On 03/09/2015 05:03 PM, Kees Cook wrote:
> On Mon, Mar 9, 2015 at 4:43 PM, Eric W. Biederman <ebiederm@...ssion.com> wrote:
>> A 1 to 1 blinding function like integer multiplication mudulo 2^32 by an
>> appropriate random number ought to keep from revealing page numbers or
>> page ajacencies while not requiring any changes in userspace.
>>
>> That way the revealed pfn and the physcial pfn would be different but
>> you could still use pagemap for it's intended purpose.
> 
> If this could be done in a way where it was sufficiently hard to
> expose the random number, we should absolutely do this.

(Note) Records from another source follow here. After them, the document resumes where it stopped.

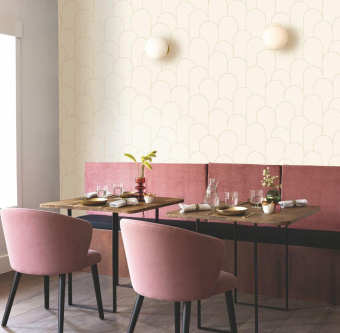 Обои Caselio Elegance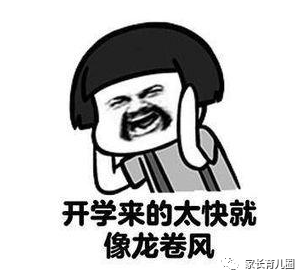 外教阿卡索怎么样_在阿卡索外教网作是什么体验_vipkid 阿卡索外教网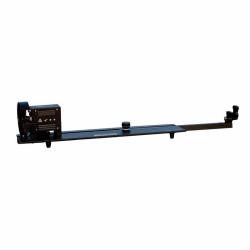 Coupe tube PCOCUT - DECUT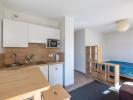 Annonce Vente Appartement Lyon-9eme-arrondissement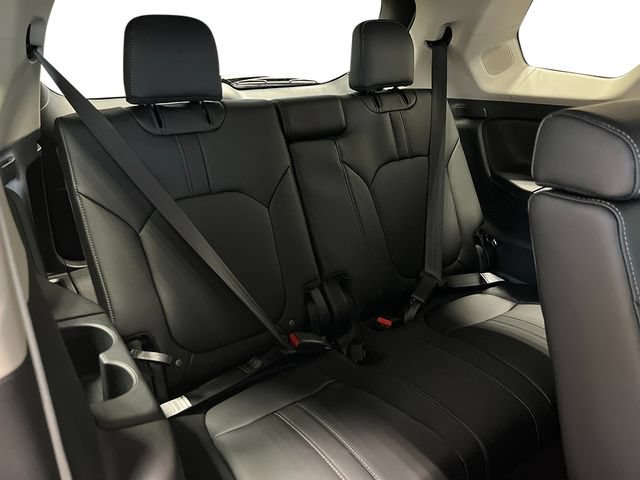 New 2026 Honda Pilot Touring image 27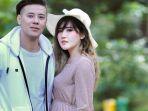 berikut-profil-chevra-yolandi-vokalis-grup-band-papinka-yang-baru-saja-melamar-via-vallen.jpg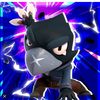 brawlers_crow777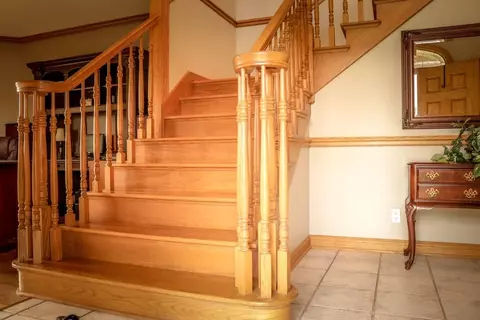 7245 E 106th Ave, Crown Point, IN 46307 photo 8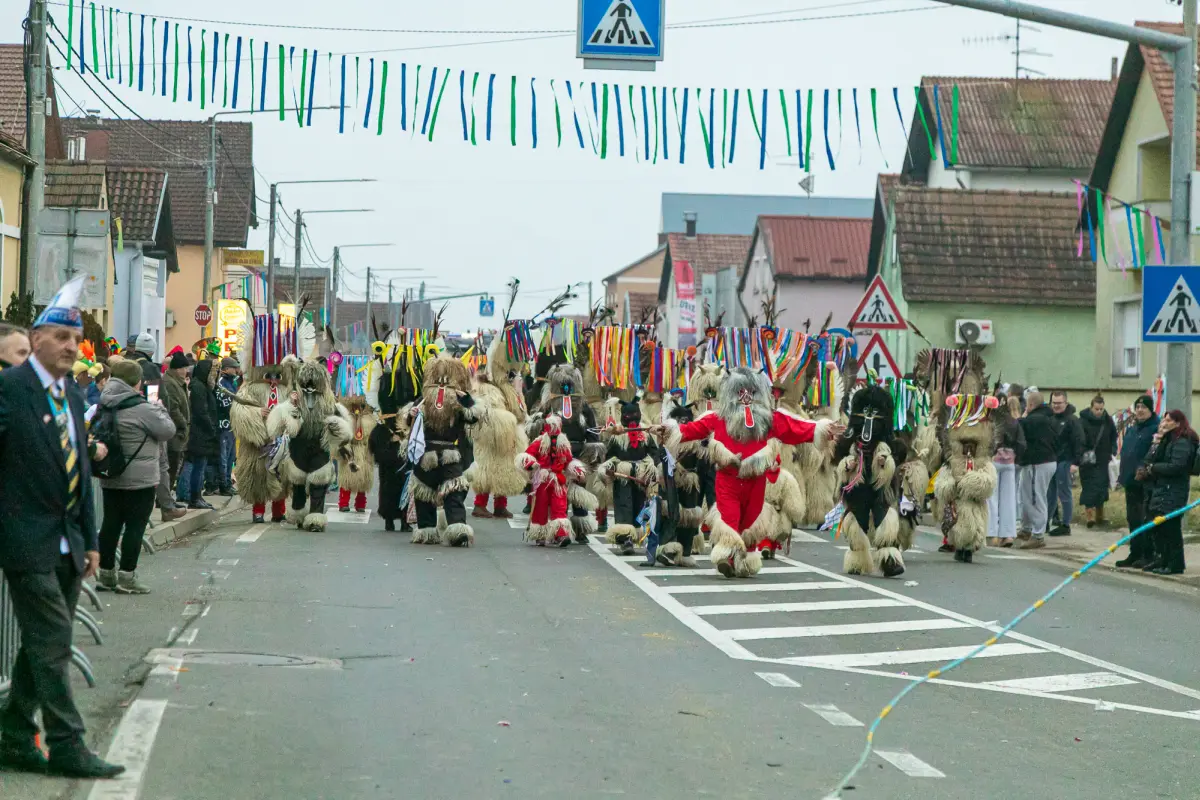 10. Srakarski fašnik 2026 – 130 – Foto Zvonimir Mikašek 10. Srakarski fašnik 2026 – 130 – Foto Zvonimir Mikašek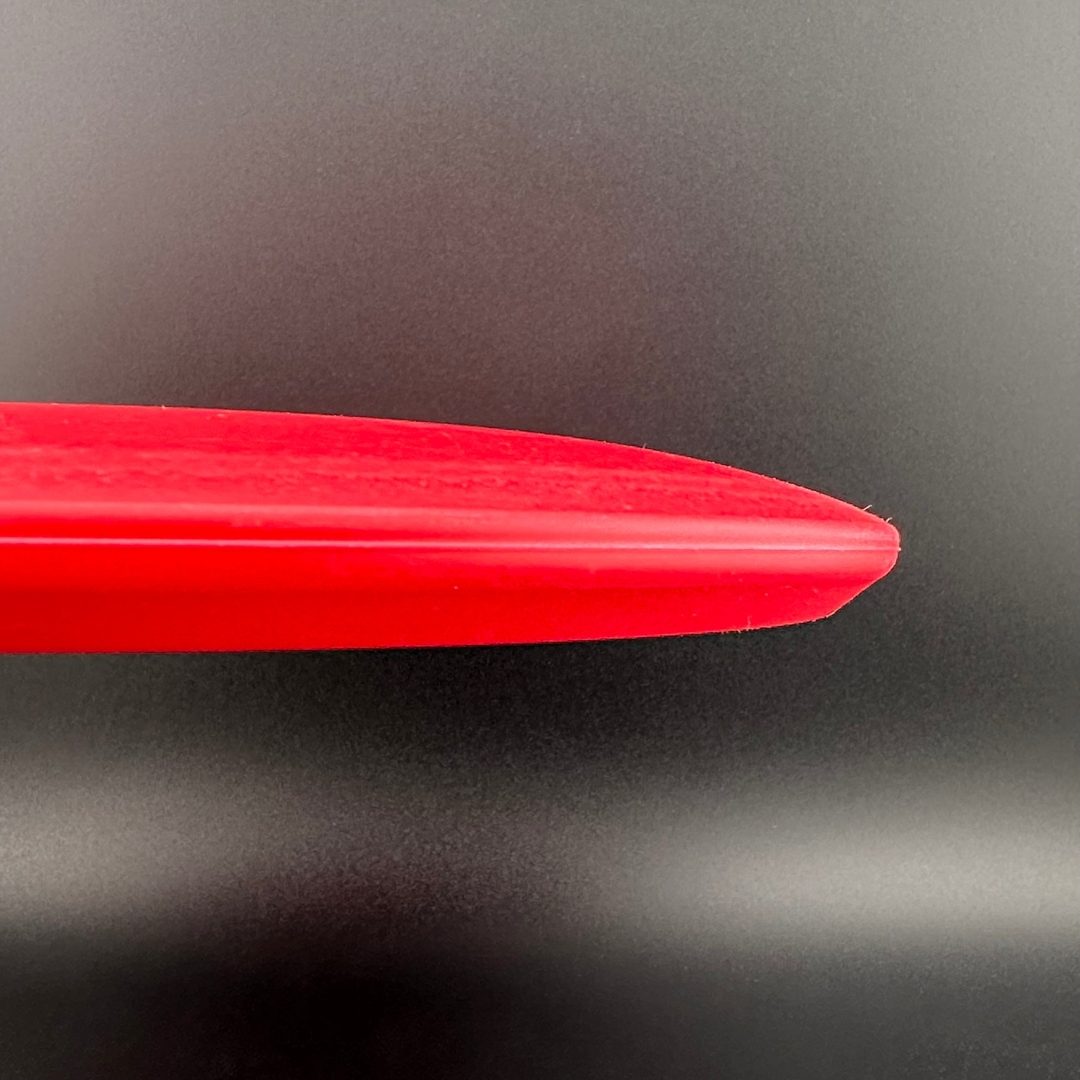 KC-Pro Dart - Factory Store Stamp Innova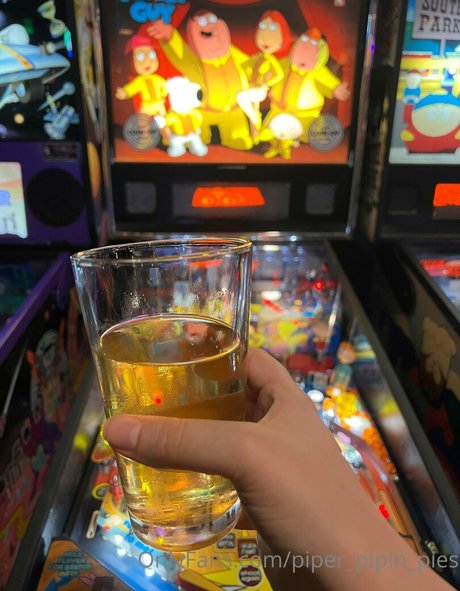 monster tits onlyfans hot sexy archive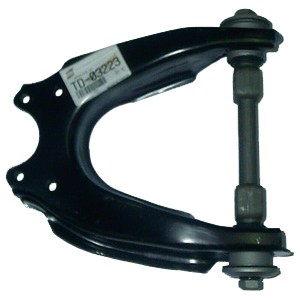 Parrilla Superior Toyota Hilux SR5  88/97 4x2 Izq. / Der.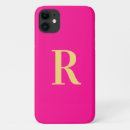 Search for cute pink iphone cases Chic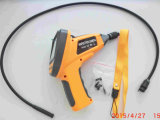 Inspection Camera/Video Borescope with Waterproof 3.5 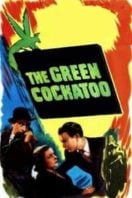 Layarkaca21 LK21 Dunia21 Nonton Film The Green Cockatoo (1937) Subtitle Indonesia Streaming Movie Download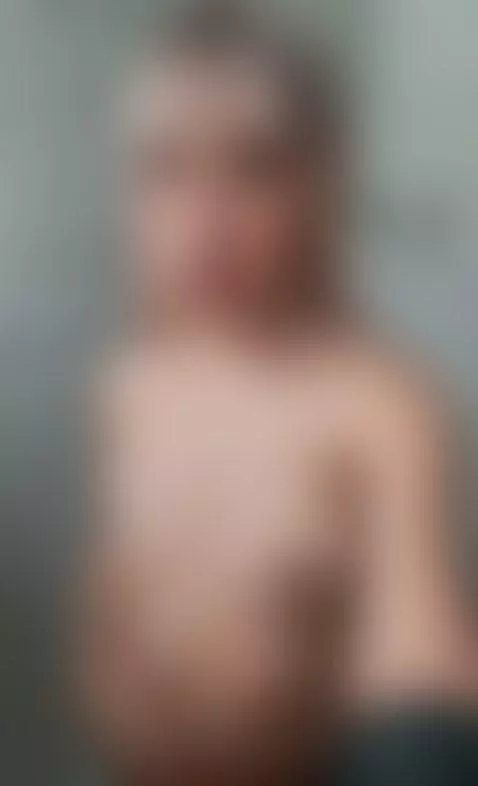 Treat me like a queen and I'll be your whore by kattiarose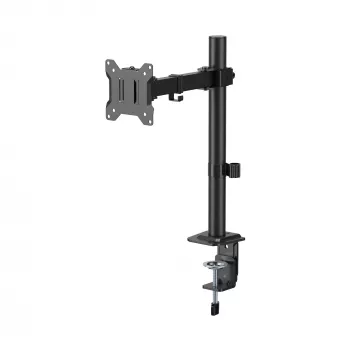 Sbox LCD-351/1-3 monitoriaus laikiklis (17-32/10kg/100x100)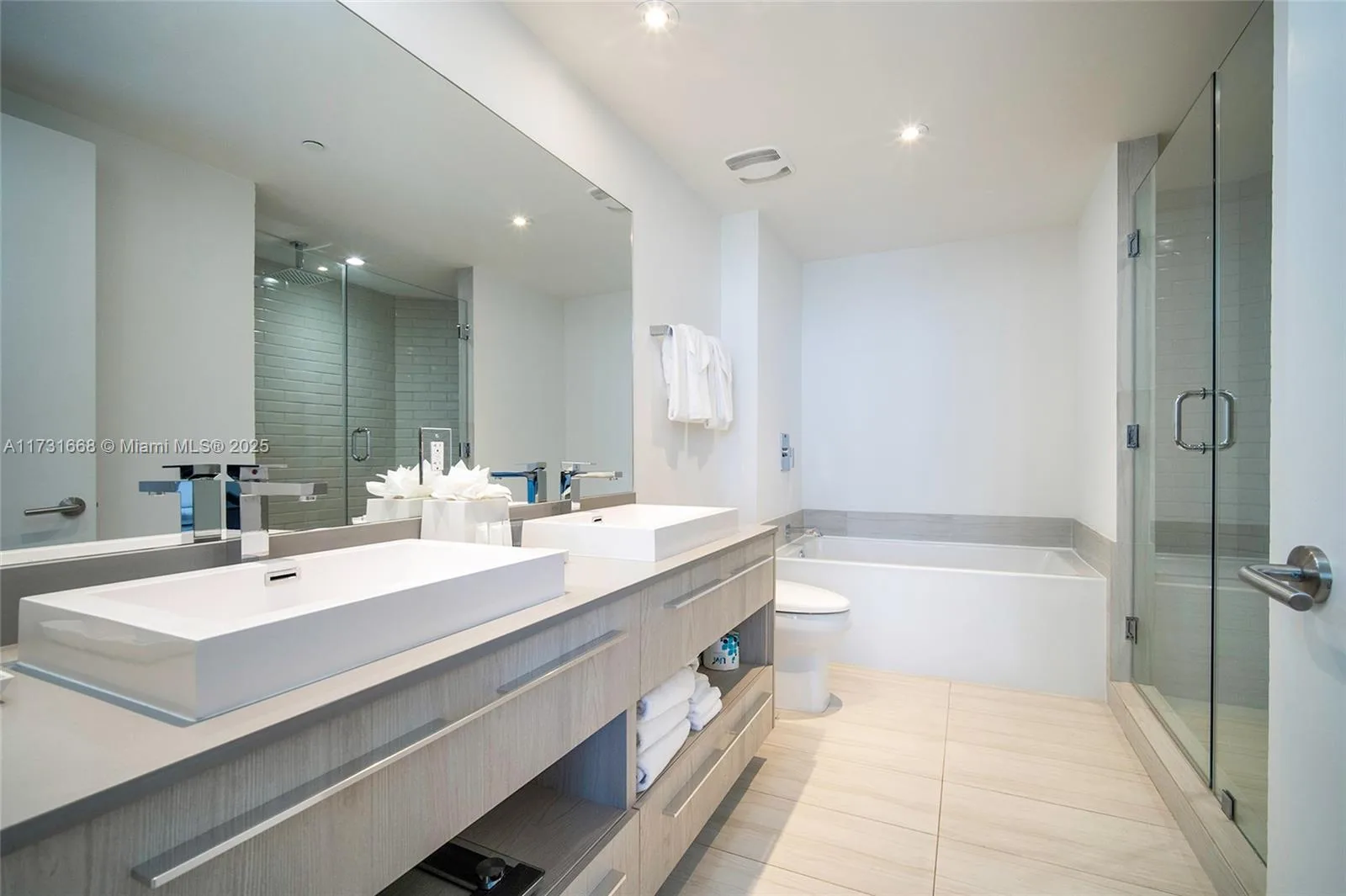 4010 S Ocean Dr # T3502, Hollywood, FL 33019 photo 12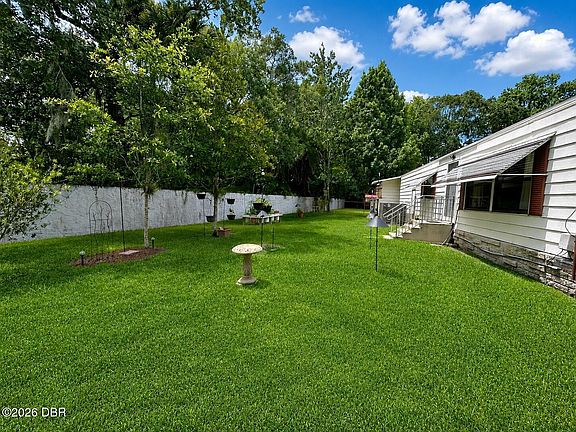 4th image of 2095 Porto Blvd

We would need something which is both reversible (so that the given
offsets can still be used in /proc/kpagemap) and also hard to do a
known-plaintext-type attack on it.

Transparent huge pages are a place where userspace knows the
relationship between 512 adjacent physical addresses.  That represents a
good chunk of known data.  Surely there are more of these kinds of things.

Right now, for instance, the ways in which a series of sequential
allocations come out of the page allocator are fairly deterministic.  We
would also need to do some kind of allocator randomization to ensure
that userspace couldn't make good guesses about the physical addresses
of things coming out of the allocator.